New issue
Have a question about this project? Sign up for a free GitHub account to open an issue and contact its maintainers and the community.
By clicking “Sign up for GitHub”, you agree to our terms of service and privacy statement. We’ll occasionally send you account related emails.
Already on GitHub? Sign in to your account
Fix scheduler issue with nodetree additions #93387
Fix scheduler issue with nodetree additions #93387
Conversation
Hi @maelk. Thanks for your PR. I'm waiting for a kubernetes member to verify that this patch is reasonable to test. If it is, they should reply with Once the patch is verified, the new status will be reflected by the I understand the commands that are listed here.

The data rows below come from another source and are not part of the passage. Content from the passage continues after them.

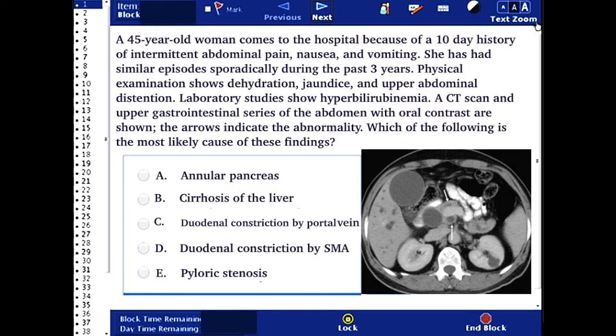Laboratory studies show hyperbilirubinemia. A CT scan and upper gastrointestinal series of the abdomen with oral contrast are shown. The arrows indicate the abnormality. Which of the following is the most likely cause of these findings?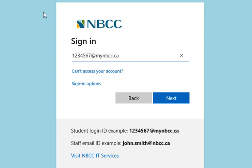Just prior to the change on the 31st, you'll be sent an email from MBCC IT with a new username that you'll use to log into Brightspace from October 31st forward. Please keep an eye out in your email for that. If you don't receive it, be sure to check your junk folder or contact the MBCC helpdesk and we'd be happy to help you out.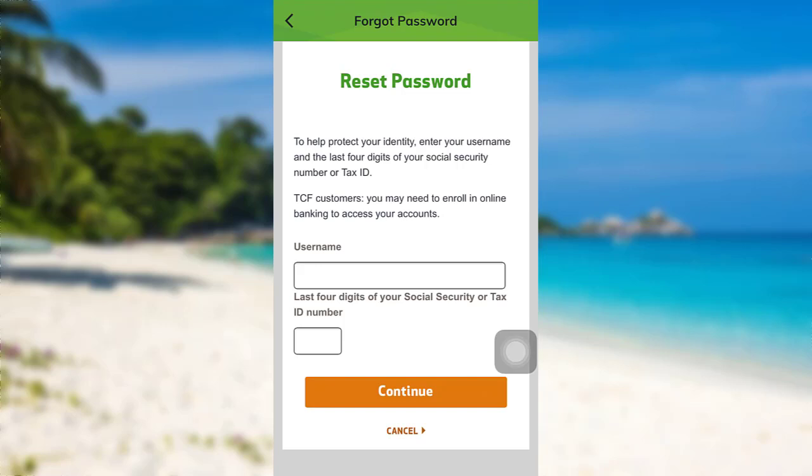Then, follow the further instructions provided and give all the required details. Finally, you'll be able to reset the password of your Hong Tintin account.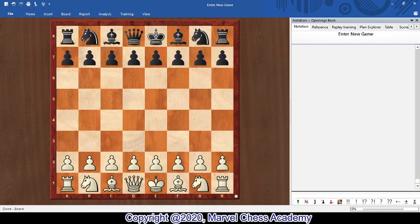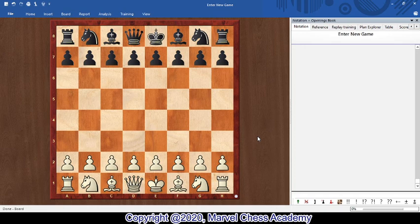Hi everyone, this is Rajshekhar Bhagotala. Welcome to my series of chess lectures. In this lecture, we are going to study about opening principles. As you know, chess game is divided into three phases: opening, middle game, and end game. We will try to study some of the opening principles in this lecture.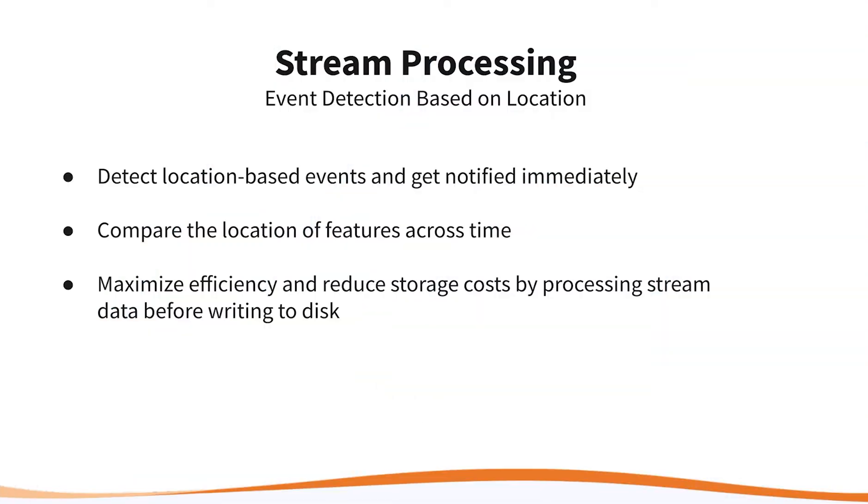Hi everyone, in today's stream processing tutorial we'll be going through an event detection scenario based on the location of incoming features. With FME we can maximize the efficiency of our stream workflows and take them to the next level with spatial processing and saving time and storage costs.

Instructions for interacting with me using PR comments are available here. If you have questions or suggestions related to my behavior, please file an issue against the kubernetes/test-infra repository. |
/assign @ahg-g |
/hold let's discuss on the original PR |
/ok-to-test |
567b12c
to
b88c10c
Compare
/hold cancel |
/approve |
[APPROVALNOTIFIER] This PR is APPROVED This pull-request has been approved by: alculquicondor, maelk The full list of commands accepted by this bot can be found here. The pull request process is described here
Needs approval from an approver in each of these files:
Approvers can indicate their approval by writing |
b88c10c
to
a87071a
Compare
/retest |
@kubernetes/release-managers |
/retest |
2 similar comments
/retest |
/retest |
/retest |
@hasheddan the test pull-kubernetes-e2e-gce-device-plugin-gpu is failing constantly on this 1.18 patch, will your #93207 fix make to 1.18 and is it going to fix the failing test? |
@ahg-g interesting, I was monitoring the test on the 1.18 blocking dashboard https://testgrid.k8s.io/sig-release-1.18-blocking#gce-device-plugin-gpu-1.18 and it has been passing.. somehow? Anyway, I opened a backport to 1.17 today and am happy to do so for 1.18 as well. Any idea why this is passing on 1.18 blocking? |
I honestly have no idea what this test is doing and why it is under sig-scheduling in the first place! |
@ahg-g I believe it is testing that pods requesting GPUs are scheduled to correct nodes, so I am guessing that is why it lives in SIG-scheduling? Anyways, I have opened a backport to 1.18 :) |
thanks, do you know if the failure in this PR will be fixed by your PR? |
@ahg-g I cannot be 100% certain, but the failure is consistent with the one that was fixed when the PR was merged to |
/retest |
There was a problem hiding this comment.
Choose a reason for hiding this comment
The reason will be displayed to describe this comment to others. Learn more.
/lgtm
/retest |
1 similar comment
/retest |
ping @kubernetes/release-managers |
/retest |
pull-kubernetes-integration job is failed due to timeout. /retest |
/retest Review the full test history for this PR. Silence the bot with an |
/retest |
/retest Review the full test history for this PR. Silence the bot with an |
What type of PR is this?
/kind bug
/sig scheduling
What this PR does / why we need it:
This is a backport of #93355 .
When adding multiple nodes to the scheduler nodetree, the function getting the next node does not return all the nodes one after an other, but skips some and duplicate others. This commit works around the problem by always starting with reset counters.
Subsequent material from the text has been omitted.